As you're all aware, the Euro has been breaking into new record low levels. While many are concerned, Jeb states that there is a Golden opportunity for mining stocks emerging out of the Eurozone crisis. While many people are concerned about going into the dollar with long term treasuries, the major mining companies are looking to transfer their growing cash positions into undervalued European natural resource assets. As the Euro sinks to new lows, European capital is flowing into undervalued miners because their costs are going down, therefore driving their margins up.
As precious metals become the true base for currency, mining companies will be called upon to produce more. Demand isn't subsiding; in fact, we're in a bull market regarding gold and silver and will continue to until the trend has violated. Although gold finished higher for the last 11 years, Jeb really likes silver for out preforming gold in 2012. Regardless, it looks like this is going to be an up-year for gold and silver mining stocks. Stand strong--this is not a time to sell for pennies on the dollar!
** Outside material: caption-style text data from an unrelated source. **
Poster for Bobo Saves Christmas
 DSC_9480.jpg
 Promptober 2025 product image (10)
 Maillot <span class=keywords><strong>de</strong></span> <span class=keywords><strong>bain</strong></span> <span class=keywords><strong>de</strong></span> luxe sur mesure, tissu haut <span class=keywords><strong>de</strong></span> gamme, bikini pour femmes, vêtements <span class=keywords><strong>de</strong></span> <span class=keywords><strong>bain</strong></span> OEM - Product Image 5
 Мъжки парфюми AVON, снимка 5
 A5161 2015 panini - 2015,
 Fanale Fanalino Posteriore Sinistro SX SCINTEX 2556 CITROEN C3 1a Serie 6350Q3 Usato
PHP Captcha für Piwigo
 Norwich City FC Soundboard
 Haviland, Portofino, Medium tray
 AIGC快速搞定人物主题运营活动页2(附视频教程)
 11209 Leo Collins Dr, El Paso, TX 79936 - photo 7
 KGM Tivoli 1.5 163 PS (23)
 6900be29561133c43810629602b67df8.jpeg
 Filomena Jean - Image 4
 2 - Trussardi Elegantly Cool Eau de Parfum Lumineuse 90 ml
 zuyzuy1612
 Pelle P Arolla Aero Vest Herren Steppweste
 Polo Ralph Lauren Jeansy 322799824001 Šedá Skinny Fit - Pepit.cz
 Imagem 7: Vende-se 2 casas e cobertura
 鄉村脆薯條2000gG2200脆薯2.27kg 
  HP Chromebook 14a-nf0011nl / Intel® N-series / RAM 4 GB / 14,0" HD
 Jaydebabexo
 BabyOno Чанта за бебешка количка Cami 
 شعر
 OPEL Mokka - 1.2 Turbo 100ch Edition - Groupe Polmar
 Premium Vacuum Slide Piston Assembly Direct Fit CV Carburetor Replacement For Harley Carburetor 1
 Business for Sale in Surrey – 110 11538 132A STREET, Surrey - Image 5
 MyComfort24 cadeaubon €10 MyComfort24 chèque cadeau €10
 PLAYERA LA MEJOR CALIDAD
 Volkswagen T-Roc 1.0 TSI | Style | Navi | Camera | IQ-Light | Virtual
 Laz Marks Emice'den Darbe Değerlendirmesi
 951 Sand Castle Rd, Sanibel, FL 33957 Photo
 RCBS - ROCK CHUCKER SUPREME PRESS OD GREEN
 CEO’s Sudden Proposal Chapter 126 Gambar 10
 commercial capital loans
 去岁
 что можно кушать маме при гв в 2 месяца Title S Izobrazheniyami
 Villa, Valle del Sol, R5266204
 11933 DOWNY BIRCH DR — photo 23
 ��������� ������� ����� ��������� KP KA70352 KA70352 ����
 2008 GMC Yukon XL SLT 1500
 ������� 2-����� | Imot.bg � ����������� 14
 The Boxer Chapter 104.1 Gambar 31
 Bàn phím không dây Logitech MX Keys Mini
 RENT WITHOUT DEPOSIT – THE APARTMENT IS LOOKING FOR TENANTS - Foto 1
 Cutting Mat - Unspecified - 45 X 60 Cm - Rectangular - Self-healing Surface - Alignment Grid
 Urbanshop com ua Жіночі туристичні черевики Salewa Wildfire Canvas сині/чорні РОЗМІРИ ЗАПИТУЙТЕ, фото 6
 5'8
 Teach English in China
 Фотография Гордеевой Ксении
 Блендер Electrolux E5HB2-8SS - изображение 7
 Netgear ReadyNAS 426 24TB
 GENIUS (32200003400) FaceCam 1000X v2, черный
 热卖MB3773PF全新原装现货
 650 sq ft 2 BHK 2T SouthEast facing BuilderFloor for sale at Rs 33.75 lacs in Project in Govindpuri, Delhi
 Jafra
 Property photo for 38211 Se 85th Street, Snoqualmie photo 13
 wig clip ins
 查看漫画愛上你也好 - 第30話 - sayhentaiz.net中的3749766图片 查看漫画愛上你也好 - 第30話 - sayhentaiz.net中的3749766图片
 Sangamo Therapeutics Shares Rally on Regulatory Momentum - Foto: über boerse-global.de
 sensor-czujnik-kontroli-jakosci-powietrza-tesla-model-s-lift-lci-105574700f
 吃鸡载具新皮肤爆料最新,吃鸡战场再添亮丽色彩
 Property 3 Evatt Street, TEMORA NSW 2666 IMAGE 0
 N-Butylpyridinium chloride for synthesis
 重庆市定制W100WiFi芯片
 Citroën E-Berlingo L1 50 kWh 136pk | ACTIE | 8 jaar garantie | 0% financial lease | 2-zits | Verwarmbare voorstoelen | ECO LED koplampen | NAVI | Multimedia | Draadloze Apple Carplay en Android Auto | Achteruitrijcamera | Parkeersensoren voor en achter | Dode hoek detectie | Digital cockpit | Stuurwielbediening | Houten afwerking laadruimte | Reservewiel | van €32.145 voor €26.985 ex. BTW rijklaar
I agree that 2012 will be the year for the juniors to get traction ,, however I disagree with the premise that currency/money must or should be tied to gold and/or silver ,, I see PM’s as a great store of wealth but for currency to be held as valid we need governments to treat it with respect , create it directly (not through debt as with the fed) and not print it beyond what is rational for liquidity and in line with GDP growth.